Rashad owns an apartment in Southwest D.C. that she would like her daughter to inherit someday. But she knows her daughter would not be able to afford the mortgage.
That's why Rashad got life insurance -- a lot of it.
As a human resources specialist for the Environmental Protection Agency, she has a Federal Employees' Group Life Insurance policy that would cover two years worth of her salary -- about $270,000 -- at a cost of about $38 every two weeks.
She has a term life insurance policy with Mutual of Omaha worth $359,000 over 10 years that she intends to be used to pay her mortgage in the event of her death. That costs her about $75 a month.
She also has long-term insurance with MetLife that would provide her with $165 a day for care if she were to fall ill. That runs her about $1,400 a year.

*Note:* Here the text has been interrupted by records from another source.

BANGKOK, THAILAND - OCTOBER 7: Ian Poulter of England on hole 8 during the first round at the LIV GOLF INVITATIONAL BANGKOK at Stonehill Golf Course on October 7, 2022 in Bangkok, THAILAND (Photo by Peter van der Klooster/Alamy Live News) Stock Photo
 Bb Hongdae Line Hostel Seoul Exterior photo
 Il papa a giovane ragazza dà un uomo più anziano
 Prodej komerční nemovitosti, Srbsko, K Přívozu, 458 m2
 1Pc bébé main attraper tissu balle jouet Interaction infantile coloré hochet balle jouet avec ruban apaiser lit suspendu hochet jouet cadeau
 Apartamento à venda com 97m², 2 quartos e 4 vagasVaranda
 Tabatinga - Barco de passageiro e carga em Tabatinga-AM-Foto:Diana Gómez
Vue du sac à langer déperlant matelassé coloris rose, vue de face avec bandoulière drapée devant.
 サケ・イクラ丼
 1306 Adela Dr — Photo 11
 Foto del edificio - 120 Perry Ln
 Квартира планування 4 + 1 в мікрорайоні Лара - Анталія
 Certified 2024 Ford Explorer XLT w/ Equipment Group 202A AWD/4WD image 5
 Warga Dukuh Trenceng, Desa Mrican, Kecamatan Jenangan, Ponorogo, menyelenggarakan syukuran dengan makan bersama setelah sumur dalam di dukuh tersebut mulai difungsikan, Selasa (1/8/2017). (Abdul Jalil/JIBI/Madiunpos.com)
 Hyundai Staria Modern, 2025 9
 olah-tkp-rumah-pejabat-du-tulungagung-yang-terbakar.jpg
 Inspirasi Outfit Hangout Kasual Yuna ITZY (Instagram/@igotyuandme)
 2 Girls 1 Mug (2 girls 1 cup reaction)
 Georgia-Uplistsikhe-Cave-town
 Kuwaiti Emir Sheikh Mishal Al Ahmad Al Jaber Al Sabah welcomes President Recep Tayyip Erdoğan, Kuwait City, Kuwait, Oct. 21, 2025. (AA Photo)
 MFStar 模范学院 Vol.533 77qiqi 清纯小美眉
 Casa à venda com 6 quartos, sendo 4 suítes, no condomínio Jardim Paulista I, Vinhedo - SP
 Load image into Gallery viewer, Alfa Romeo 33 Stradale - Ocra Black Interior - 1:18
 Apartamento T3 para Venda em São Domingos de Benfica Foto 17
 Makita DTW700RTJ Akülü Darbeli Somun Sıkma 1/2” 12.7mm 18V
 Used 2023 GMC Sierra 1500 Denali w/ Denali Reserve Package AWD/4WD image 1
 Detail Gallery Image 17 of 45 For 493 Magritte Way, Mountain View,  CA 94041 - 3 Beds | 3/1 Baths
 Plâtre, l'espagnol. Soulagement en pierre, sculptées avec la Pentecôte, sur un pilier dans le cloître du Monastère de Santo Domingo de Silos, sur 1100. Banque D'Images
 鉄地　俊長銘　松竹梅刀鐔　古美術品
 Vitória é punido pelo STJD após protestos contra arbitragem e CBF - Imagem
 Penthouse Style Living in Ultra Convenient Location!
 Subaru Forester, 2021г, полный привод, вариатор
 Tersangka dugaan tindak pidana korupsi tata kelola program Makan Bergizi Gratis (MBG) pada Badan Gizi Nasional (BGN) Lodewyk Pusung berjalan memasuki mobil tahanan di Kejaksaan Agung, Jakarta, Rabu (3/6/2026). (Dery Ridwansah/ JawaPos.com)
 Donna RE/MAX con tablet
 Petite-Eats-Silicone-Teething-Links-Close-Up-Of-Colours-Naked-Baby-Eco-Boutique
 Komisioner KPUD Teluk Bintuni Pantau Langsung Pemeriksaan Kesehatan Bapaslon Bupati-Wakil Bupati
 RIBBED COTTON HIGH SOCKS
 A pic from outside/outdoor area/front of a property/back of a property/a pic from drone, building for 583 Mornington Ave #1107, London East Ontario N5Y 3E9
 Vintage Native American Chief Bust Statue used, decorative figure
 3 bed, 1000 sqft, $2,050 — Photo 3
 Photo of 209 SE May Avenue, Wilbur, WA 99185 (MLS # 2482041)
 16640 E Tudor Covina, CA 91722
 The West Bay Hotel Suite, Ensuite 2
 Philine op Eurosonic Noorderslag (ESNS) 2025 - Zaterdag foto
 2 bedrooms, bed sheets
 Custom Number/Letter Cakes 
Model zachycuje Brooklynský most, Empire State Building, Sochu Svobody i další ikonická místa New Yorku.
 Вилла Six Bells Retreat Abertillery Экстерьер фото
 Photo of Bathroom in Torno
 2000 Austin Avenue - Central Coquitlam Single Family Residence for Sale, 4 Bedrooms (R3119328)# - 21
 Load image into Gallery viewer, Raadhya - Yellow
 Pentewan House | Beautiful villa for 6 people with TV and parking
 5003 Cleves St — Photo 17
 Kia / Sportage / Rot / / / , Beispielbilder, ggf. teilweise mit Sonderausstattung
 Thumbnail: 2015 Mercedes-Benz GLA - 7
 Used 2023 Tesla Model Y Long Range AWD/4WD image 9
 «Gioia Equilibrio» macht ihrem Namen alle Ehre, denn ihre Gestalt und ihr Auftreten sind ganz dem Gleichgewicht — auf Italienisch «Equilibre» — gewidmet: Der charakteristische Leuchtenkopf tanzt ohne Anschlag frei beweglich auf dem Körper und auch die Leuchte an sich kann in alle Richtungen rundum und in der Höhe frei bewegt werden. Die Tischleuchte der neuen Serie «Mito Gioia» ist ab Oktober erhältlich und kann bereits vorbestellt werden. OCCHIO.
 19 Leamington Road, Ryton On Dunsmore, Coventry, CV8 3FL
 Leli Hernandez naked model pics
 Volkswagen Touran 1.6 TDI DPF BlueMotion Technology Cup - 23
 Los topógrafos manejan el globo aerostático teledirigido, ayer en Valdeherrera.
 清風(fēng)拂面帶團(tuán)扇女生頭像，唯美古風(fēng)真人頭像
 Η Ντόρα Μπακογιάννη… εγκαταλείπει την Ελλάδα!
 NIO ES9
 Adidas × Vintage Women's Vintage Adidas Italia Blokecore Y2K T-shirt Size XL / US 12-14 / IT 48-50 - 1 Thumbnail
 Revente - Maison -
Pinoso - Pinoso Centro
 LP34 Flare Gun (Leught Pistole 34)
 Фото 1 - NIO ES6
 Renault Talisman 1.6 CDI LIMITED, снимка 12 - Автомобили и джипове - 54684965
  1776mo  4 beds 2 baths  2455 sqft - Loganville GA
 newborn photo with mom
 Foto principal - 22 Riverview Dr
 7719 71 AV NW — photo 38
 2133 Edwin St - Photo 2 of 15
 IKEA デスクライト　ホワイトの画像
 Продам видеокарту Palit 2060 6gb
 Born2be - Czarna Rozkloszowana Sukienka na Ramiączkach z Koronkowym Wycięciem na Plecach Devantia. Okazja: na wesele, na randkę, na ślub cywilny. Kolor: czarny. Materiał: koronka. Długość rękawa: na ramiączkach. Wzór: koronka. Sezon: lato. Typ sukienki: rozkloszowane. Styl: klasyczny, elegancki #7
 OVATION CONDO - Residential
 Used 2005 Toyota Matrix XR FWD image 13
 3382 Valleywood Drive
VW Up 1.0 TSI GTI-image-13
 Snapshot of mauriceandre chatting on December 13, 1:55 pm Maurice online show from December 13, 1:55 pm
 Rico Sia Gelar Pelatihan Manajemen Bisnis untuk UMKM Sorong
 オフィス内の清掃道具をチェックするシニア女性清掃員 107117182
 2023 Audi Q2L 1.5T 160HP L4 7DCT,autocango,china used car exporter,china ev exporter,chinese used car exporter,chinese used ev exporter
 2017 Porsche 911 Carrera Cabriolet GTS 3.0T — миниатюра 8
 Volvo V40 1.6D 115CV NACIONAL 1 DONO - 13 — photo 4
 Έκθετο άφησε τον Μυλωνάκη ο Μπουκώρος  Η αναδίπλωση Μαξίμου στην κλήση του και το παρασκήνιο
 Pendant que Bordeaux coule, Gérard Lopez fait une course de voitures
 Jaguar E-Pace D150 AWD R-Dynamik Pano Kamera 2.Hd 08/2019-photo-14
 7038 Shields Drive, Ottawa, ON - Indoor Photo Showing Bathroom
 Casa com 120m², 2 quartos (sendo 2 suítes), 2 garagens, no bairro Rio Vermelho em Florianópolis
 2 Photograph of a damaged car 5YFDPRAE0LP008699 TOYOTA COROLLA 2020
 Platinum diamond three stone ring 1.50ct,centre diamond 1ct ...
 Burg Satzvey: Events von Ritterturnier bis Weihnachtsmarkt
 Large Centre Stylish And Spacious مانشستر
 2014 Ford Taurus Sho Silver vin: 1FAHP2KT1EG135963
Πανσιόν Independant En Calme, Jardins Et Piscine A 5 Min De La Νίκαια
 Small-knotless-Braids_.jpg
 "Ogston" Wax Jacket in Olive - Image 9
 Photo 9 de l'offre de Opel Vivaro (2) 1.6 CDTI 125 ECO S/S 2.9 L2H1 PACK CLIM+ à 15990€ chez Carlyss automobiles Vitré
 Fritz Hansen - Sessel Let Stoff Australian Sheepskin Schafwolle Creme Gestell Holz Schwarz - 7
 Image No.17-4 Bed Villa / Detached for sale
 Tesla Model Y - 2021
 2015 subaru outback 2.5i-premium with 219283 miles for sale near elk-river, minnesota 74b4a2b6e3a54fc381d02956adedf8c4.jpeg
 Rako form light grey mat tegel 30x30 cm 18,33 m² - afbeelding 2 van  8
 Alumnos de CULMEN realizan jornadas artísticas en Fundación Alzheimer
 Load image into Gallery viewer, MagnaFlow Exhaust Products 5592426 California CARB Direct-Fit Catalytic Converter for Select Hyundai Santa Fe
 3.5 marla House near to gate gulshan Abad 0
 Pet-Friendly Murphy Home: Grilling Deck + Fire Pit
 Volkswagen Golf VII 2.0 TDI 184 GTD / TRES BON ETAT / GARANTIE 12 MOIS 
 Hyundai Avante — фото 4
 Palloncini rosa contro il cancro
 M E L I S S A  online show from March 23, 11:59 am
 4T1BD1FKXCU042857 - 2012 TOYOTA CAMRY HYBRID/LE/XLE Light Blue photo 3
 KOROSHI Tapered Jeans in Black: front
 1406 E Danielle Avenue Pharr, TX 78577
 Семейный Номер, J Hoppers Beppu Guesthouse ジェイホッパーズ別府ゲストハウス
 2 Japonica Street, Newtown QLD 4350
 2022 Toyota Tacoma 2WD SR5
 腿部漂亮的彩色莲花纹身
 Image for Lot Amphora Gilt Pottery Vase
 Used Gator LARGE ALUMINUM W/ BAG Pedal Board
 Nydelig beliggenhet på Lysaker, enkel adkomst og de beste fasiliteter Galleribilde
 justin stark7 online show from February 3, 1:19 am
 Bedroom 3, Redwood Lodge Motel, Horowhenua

On top of her insurance, Rashad has a pension and contributes to the Thrift Savings Plan, which is essentially a 401(k) for federal employees.
Rashad has a clock on her desk that tells her exactly how many days she has to her target retirement date: Jan. 3, 2017. As she enters her final years as a full-time employee, she wants to make sure she is making the right financial choices. In particular, she wonders about her insurance.
"Am I overinsured? Am I underinsured? Are these things doing the things I want them to do?" she asked.
Her main goal is to make sure her daughter can keep the condo. "I don't want her to have to worry about losing the foothold we have in terms of maintaining a presence here in Washington, which is the apartment," she said.
Frank C. Boucher, a certified financial planner at Boucher Financial Planning Services in Reston, said she should ask herself several questions.
Among them: How much help will her daughter really need in the event of Rashad's premature death? Will she be able to make half or another portion of the mortgage payments? Will she also need cash on top of the mortgage help? As morbid as it sounds, Boucher said she should remember to factor in things like burial expenses.